** Opening AVAILABLE DATA block **

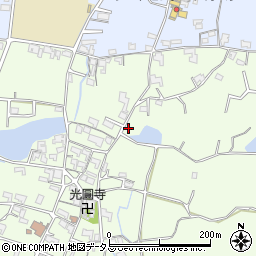 和歌山県紀の川市北大井506周辺の地図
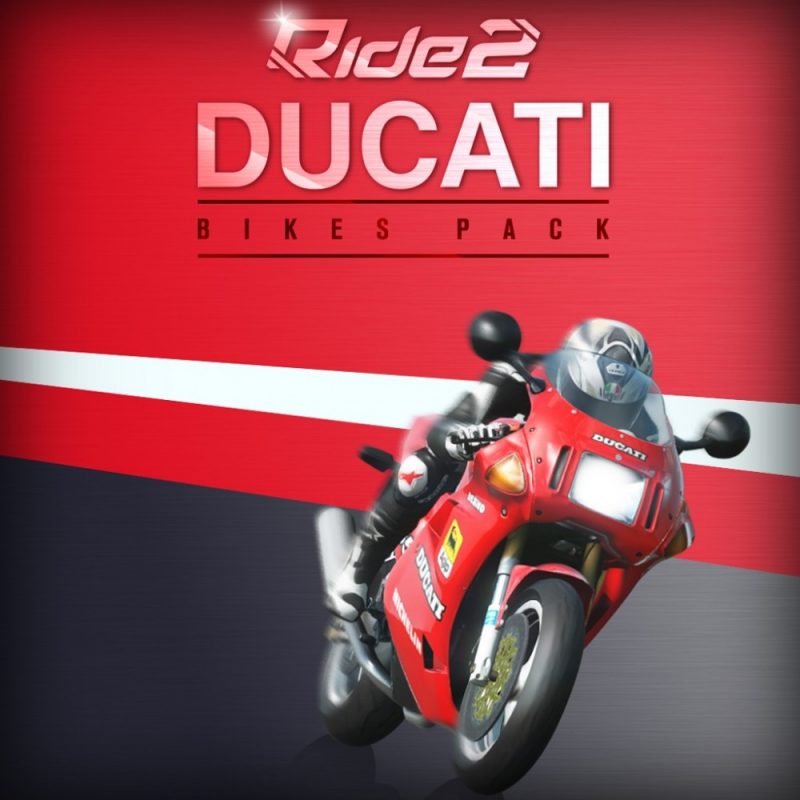 Ride 2 - Pack Motos Ducati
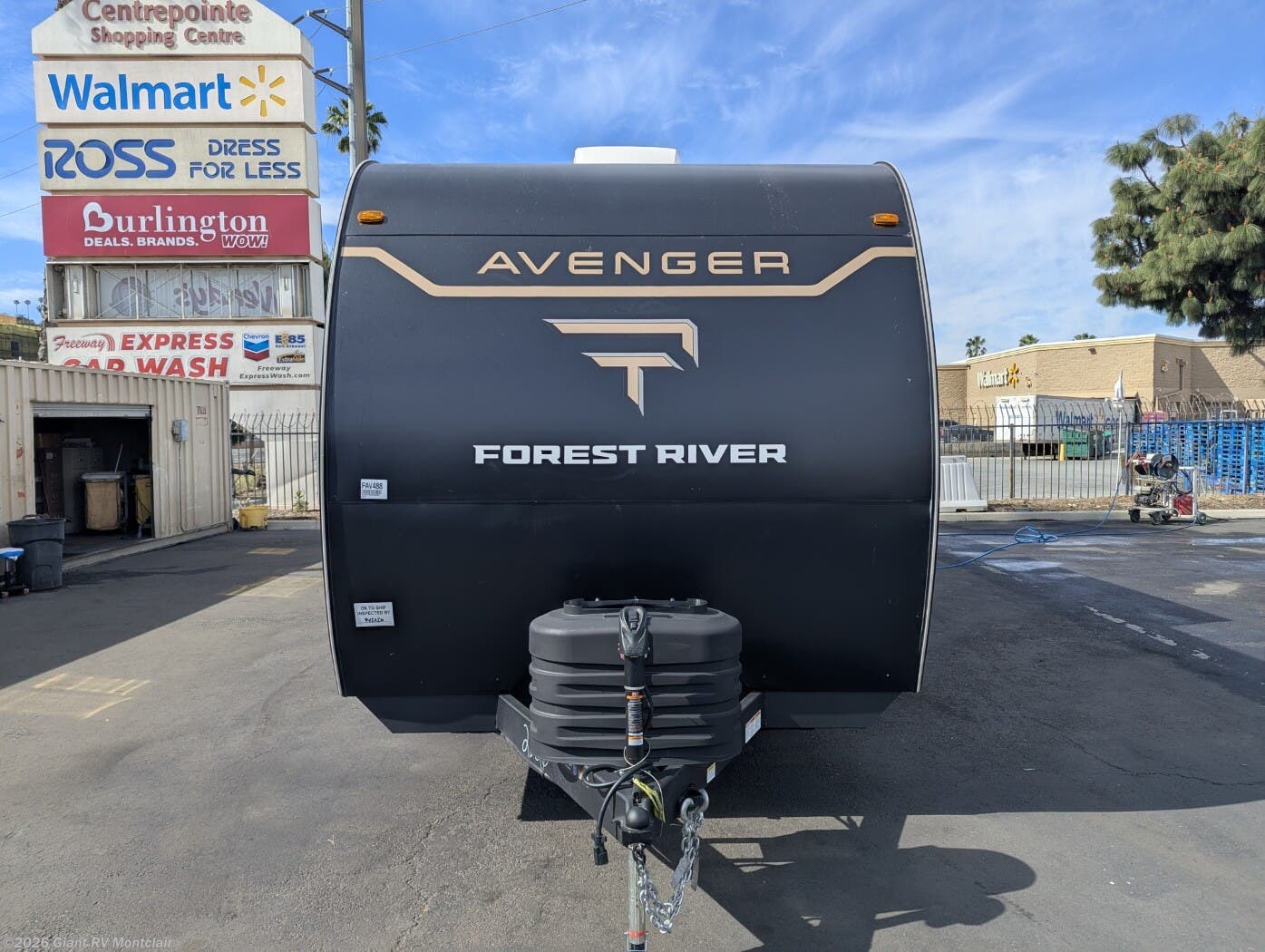2026 Avenger 30PO by Prime Time from Giant RV in Montclair, California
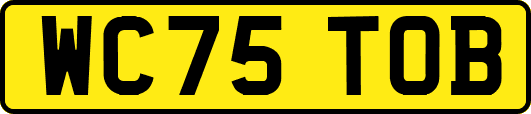 WC75TOB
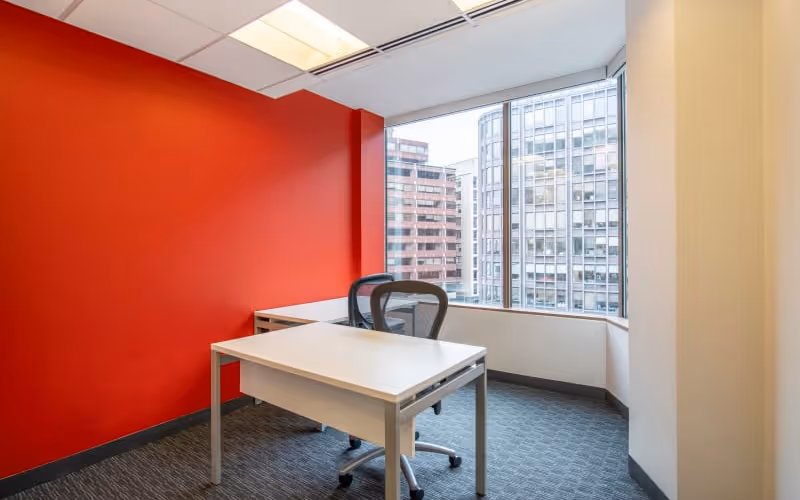 1050 Connecticut Ave Nw, Washington, 50 DESKS 1050 Connecticut Ave Nw, Washington image 1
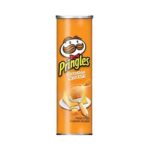 Pringles Cheddar Cheese Potato Chips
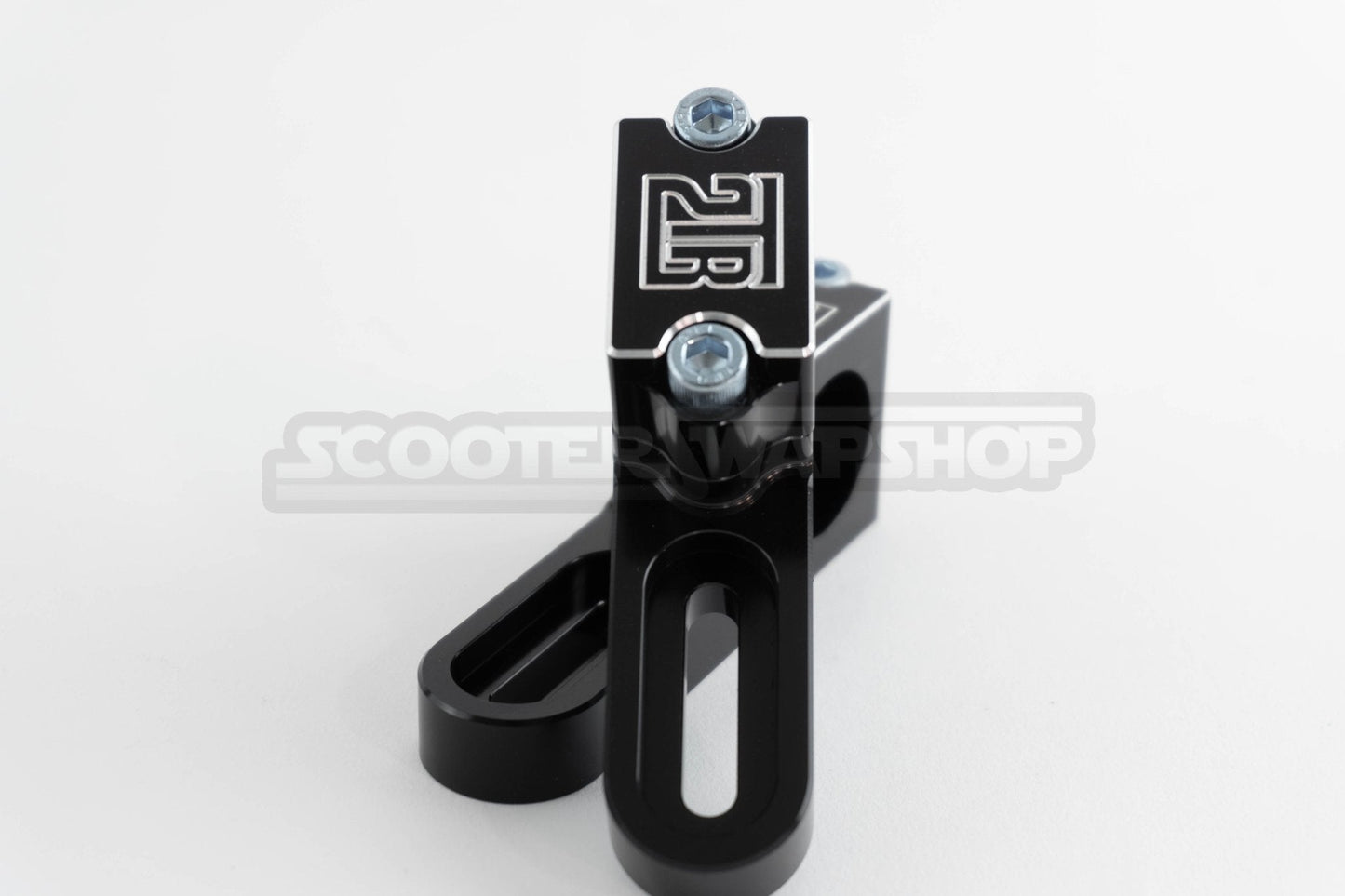 2TR Highway Bar clamps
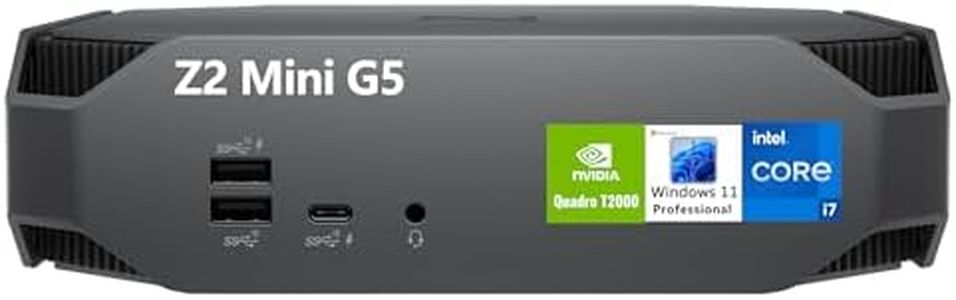 HP Z2 Mini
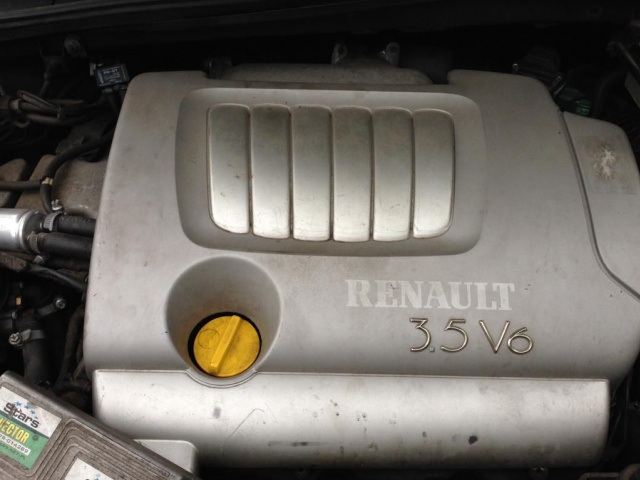 Двигатель VQ35DE V6 RENAULT VEL SATIS NISSAN MURANO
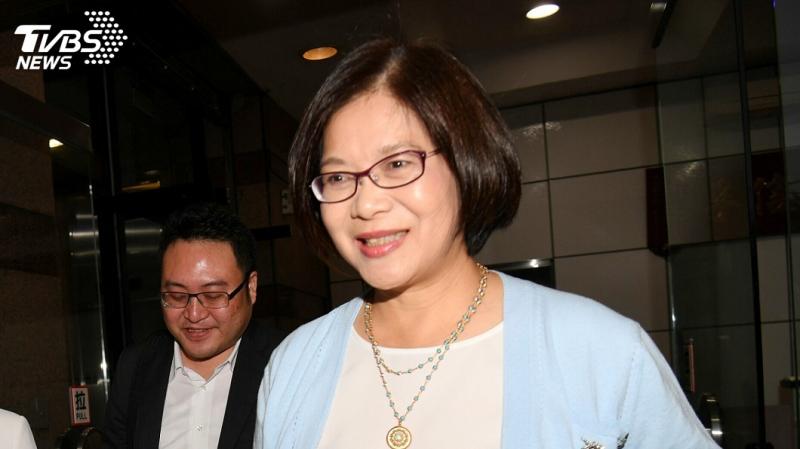 「需先思考沈澱」　管碧玲退出綠委Line群組 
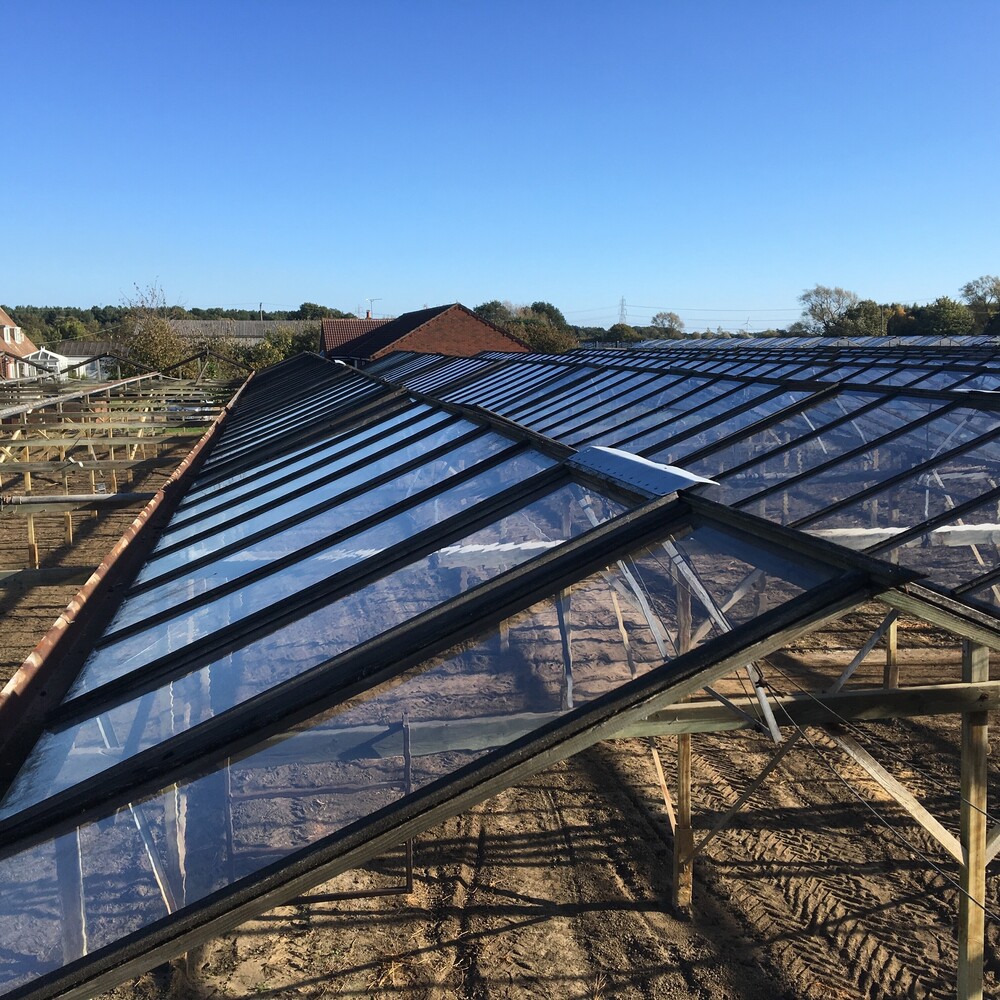 Eureka Growing Systems Ltd | Commercial greenhouse builder England | Greenhouse shade screen installers Scotland | Commercial greenhouse repairs Wales | Commercial greenhouses UK  | Commercial greenhouses repairs UK | Commercial greenhouse shade and energy screens UK
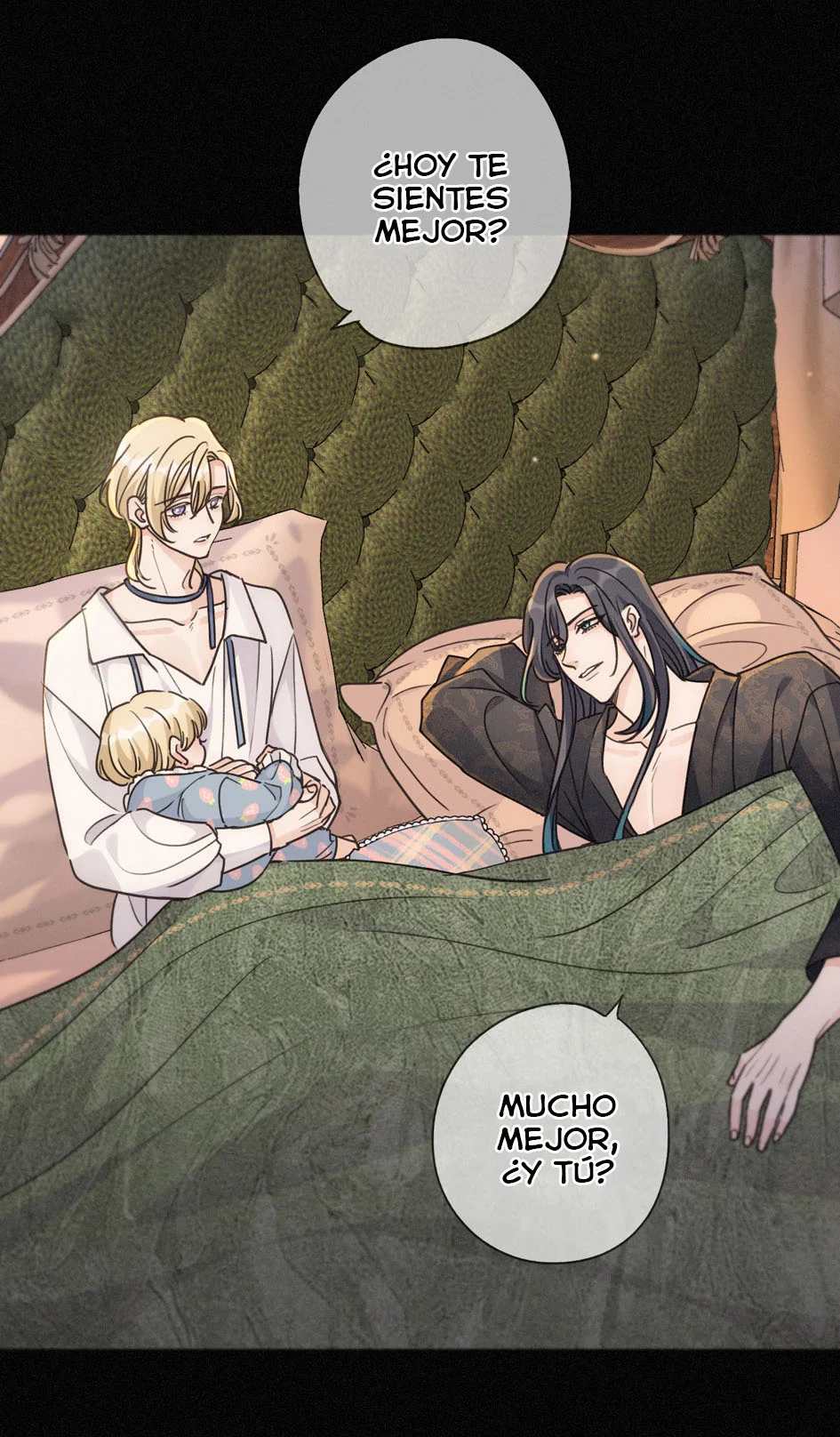 The Trapped Beast Capítulo 79 - Page 23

** Closing AVAILABLE DATA block **

ACTIVITY: Everything in the records above should come back word for word, except the pictures.

ANSWER TO THE EXERCISE:
 和歌山県紀の川市北大井506周辺の地図
 Ride 2 - Pack Motos Ducati
2026 Avenger 30PO by Prime Time from Giant RV in Montclair, California
 WC75TOB
 1050 Connecticut Ave Nw, Washington, 50 DESKS 1050 Connecticut Ave Nw, Washington image 1
 Pringles Cheddar Cheese Potato Chips
 2TR Highway Bar clamps
 HP Z2 Mini
 Двигатель VQ35DE V6 RENAULT VEL SATIS NISSAN MURANO
 「需先思考沈澱」　管碧玲退出綠委Line群組 
 Eureka Growing Systems Ltd | Commercial greenhouse builder England | Greenhouse shade screen installers Scotland | Commercial greenhouse repairs Wales | Commercial greenhouses UK  | Commercial greenhouses repairs UK | Commercial greenhouse shade and energy screens UK
 The Trapped Beast Capítulo 79 - Page 23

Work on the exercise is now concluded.